Houseplant Care: 8 Keys to Success
Ivies and spider plants are undemanding houseplants that don't require high humidity or supplemental lighting. Read about your plants before you buy, so you can give them the amount of light and other care they require.
When you can’t get outside because the weather’s dreary, or you’re stuck at home or in an office, bring a bit of nature indoors with houseplants. Many thrive even in low light, and they do more than brighten up a space. Because they change carbon dioxide into oxygen and help trap pollutants, they’re also good for your health, and they’ll lift your spirits when you can’t work in your garden.
Lots of houseplants are undemanding and easy to grow, but all indoor plants need a little care now and then. Use our checklist below to keep yours green and growing.
Give Them the Right Amount of Light
Tough survivors like cast iron plant (Aspidistra elatior) or snake plant (Sansevieria), don’t mind dim corners or interiors. Others—especially blooming plants—need bright windows or supplemental florescent or grow lights. Read about your plants before you buy and match their needs to the amount of light you’ll be able to give them.
Don’t Drown Your Plants
Most plants need a container with drainage holes, so water doesn’t stand around their roots and cause rotting. If you keep a saucer underneath your plants to catch drips, empty it after watering. Read plant care tags to know how often and how much to water.
Keep Them Clean
Like anything else in your home, plants get dusty—and dirt can block sunlight. If you see dust, pop your plant in the sink or shower and rinse it with a gentle spray of lukewarm water.
If you’ve got a large potted plant, wipe the leaves with a moist sponge or a dry dust cloth. Gently clean fuzzy-leaved plants, like African violets, with a soft paintbrush or toothbrush. Turn small potted plants upside down and swish them around in lukewarm water to clean them, using your fingers to hold them in place. Let them air dry in a warm spot out of the sun.
Groom When Needed
If you have flowering houseplants, keep the spent blooms picked to encourage more flowers. Take off dead or yellow leaves, too, and cut stems that have lost their leaves to the soil line.
Watch for Drafts
Most plants dislike drafts, so make sure yours aren’t sitting too close to heating or air conditioning vents, or leaky doors and windows.
If you see brown tips on the leaves of your plants, the air in your home or office is probably too dry for them. Add moisture by grouping plants together, or putting them on top of pebbles in trays or saucers filled with a little water. (Don’t let the pots touch the water so the roots don’t stay constantly wet.) You can also mist your plants or even add a humidifier.
Watch for Problems
Insects and diseases can spread fast, so check your plants regularly for signs of trouble. Look on top of and underneath leaves and check around stems. Common indoor pests like whiteflies and mealybugs can be knocked off with a spray of water in the sink, but if they persist, you may need to use an insecticidal soap, following the manufacturer’s directions. Treat any disease with a product specifically made for it; if you’re not sure what to use, do some research online or visit a garden center or nursery for advice.

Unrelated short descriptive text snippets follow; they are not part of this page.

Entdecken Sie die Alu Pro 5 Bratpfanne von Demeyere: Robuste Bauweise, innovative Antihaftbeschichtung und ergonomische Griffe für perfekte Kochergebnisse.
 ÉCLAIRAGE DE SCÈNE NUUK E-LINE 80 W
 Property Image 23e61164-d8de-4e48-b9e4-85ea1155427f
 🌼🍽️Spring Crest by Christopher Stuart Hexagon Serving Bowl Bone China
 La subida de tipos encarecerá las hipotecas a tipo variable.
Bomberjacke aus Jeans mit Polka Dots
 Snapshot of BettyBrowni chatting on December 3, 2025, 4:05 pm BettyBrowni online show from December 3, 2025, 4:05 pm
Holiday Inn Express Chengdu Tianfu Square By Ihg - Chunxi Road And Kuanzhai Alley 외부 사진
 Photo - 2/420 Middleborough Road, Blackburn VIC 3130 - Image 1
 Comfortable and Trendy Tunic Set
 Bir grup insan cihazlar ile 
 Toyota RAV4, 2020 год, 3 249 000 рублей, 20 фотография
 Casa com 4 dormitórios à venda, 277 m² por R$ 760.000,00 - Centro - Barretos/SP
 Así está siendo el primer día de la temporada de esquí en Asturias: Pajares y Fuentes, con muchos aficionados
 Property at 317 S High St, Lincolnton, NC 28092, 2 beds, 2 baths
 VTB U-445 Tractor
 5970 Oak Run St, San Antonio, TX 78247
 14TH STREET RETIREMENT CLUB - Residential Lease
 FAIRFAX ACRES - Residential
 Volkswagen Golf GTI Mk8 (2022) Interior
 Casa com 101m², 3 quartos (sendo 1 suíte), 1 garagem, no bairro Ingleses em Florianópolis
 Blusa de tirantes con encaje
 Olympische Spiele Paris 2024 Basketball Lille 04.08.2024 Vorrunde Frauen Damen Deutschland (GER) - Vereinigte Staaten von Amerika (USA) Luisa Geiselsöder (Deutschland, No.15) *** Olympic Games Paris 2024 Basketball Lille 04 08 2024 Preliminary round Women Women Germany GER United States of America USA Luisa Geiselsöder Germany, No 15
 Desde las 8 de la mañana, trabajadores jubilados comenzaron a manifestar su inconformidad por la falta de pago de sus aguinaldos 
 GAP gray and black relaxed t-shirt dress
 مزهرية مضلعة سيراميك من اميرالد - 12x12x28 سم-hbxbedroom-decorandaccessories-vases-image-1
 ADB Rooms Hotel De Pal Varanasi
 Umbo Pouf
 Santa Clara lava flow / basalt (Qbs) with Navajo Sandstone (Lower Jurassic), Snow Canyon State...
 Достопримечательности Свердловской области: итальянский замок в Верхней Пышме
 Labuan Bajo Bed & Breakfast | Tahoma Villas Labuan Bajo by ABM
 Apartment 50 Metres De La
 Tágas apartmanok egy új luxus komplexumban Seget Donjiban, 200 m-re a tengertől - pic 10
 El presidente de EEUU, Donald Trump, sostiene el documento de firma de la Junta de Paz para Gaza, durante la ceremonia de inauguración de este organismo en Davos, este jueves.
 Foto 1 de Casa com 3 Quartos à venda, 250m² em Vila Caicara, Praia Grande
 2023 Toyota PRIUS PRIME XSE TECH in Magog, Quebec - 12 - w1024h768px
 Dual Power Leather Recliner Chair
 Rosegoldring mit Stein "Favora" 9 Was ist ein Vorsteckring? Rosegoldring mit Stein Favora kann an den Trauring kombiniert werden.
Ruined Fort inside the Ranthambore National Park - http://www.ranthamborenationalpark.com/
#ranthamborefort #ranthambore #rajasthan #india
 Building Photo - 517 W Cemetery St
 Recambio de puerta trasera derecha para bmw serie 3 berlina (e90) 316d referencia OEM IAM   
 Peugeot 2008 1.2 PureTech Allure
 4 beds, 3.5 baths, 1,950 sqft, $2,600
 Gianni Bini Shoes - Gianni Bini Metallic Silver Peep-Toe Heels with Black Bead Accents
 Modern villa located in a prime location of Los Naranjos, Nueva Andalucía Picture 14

A white crust of salts and minerals can build up on your pots when you water your houseplants. To remove it, take the plant out of the pot and scrape off the crusty stuff with a brush or knife, or scrub the pot with a solution of baking soda in water.
Check the Pot
If your plants start drying out faster than usual, or you see roots poking out of the drainage holes, it’s time to repot. Step up one pot size at a time, and always use fresh potting soil, since the nutrients in the old soil are probably depleted.
Even if your plant hasn’t outgrown its container, you may need to remove it and do some cleanup if you see a white crust on the rim or sides. Potentially harmful salts can build up when you water, so scrub the pot and rinse it thoroughly, or give your plant a new pot.